*** Block opens ***
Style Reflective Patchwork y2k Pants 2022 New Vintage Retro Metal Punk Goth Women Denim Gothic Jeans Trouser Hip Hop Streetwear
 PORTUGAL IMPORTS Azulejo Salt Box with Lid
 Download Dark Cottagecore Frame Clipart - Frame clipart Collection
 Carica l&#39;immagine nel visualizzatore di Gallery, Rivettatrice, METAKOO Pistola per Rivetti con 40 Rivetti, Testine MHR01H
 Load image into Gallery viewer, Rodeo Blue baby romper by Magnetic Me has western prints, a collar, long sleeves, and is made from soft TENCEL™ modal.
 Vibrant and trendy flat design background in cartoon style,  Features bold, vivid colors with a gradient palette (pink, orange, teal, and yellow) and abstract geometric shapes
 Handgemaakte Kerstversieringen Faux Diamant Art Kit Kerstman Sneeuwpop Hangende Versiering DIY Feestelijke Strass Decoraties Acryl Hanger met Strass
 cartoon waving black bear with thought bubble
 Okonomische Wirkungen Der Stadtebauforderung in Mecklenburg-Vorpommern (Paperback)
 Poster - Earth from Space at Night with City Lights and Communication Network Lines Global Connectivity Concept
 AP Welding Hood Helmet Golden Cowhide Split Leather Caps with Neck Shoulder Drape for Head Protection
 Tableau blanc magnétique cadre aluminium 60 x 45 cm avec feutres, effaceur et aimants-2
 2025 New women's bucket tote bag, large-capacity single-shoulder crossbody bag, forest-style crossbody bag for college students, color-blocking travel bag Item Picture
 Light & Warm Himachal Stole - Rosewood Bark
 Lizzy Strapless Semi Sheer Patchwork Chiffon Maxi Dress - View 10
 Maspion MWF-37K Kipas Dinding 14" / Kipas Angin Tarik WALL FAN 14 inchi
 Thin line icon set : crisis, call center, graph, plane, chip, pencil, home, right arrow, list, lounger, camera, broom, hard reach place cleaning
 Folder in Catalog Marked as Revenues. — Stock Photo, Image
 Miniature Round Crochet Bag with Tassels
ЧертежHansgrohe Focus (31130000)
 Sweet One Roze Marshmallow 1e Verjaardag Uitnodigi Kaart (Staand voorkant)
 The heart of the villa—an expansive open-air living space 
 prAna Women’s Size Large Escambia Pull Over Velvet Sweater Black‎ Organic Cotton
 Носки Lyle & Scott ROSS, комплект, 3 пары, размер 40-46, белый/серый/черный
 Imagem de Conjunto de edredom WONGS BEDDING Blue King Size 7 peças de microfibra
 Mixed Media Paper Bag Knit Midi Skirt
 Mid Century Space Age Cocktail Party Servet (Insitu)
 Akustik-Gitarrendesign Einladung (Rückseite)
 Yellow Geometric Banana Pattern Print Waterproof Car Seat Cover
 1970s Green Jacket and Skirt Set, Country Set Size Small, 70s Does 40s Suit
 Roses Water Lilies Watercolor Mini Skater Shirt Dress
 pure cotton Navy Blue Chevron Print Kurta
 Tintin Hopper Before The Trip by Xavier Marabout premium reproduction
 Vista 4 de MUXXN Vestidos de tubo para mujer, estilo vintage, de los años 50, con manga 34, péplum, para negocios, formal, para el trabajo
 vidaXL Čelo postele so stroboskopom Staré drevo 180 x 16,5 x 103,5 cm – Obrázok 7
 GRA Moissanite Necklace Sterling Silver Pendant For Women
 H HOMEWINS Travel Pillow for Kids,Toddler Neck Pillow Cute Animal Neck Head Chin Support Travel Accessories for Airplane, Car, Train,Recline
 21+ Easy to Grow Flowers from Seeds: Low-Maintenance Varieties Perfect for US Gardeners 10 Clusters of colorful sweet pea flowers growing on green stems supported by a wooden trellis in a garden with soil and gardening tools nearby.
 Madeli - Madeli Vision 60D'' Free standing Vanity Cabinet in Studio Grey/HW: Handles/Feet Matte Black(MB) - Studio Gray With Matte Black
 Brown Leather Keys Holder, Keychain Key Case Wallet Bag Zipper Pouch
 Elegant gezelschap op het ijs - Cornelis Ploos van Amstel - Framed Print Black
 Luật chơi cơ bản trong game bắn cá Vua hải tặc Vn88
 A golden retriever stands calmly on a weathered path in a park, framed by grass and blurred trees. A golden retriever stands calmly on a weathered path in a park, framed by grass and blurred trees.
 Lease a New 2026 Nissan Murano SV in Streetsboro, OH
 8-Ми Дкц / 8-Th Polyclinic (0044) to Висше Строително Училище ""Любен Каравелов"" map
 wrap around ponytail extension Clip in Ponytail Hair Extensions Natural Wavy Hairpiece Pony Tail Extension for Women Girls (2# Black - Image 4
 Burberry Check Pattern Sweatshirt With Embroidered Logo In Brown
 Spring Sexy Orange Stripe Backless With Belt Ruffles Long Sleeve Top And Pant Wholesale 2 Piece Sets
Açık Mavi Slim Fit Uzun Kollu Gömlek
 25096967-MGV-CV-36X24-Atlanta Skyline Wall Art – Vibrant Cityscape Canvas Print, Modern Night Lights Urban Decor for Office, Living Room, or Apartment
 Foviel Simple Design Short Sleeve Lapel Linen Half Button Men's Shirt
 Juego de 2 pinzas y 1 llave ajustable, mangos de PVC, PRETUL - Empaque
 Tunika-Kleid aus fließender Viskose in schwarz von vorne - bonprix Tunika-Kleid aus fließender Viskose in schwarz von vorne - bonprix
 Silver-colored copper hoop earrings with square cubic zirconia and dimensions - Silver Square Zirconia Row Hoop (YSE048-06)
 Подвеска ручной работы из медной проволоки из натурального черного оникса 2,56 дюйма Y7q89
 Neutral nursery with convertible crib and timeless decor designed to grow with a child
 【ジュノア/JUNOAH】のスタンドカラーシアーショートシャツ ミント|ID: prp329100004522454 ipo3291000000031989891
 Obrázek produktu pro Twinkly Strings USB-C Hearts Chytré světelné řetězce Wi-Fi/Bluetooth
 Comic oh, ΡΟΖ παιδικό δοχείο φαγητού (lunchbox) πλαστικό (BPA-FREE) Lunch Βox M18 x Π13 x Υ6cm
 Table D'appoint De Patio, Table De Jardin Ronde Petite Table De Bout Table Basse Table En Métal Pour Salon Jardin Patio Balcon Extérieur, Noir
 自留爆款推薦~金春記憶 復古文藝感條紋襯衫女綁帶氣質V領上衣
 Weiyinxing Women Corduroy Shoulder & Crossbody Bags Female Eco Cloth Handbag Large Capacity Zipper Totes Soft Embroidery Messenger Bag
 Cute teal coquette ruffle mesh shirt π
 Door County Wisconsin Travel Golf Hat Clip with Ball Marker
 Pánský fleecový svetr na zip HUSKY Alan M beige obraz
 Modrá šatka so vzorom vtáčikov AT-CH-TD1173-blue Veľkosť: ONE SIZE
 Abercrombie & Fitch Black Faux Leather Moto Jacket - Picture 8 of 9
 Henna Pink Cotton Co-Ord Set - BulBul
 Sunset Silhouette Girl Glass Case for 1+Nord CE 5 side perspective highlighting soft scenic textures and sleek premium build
*** Block closes ***
_WHAT THIS TASK INVOLVES:_
Reproduce exactly, and only, the part of the listing above that begins at the line with "Akustik-Gitarrendesign Einladung (Rückseite)" and goes on through the line with "GRA Moissanite Necklace".

_SOLUTION:_
 Akustik-Gitarrendesign Einladung (Rückseite)
 Yellow Geometric Banana Pattern Print Waterproof Car Seat Cover
 1970s Green Jacket and Skirt Set, Country Set Size Small, 70s Does 40s Suit
 Roses Water Lilies Watercolor Mini Skater Shirt Dress
 pure cotton Navy Blue Chevron Print Kurta
 Tintin Hopper Before The Trip by Xavier Marabout premium reproduction
 Vista 4 de MUXXN Vestidos de tubo para mujer, estilo vintage, de los años 50, con manga 34, péplum, para negocios, formal, para el trabajo
 vidaXL Čelo postele so stroboskopom Staré drevo 180 x 16,5 x 103,5 cm – Obrázok 7
 GRA Moissanite Necklace Sterling Silver Pendant For Women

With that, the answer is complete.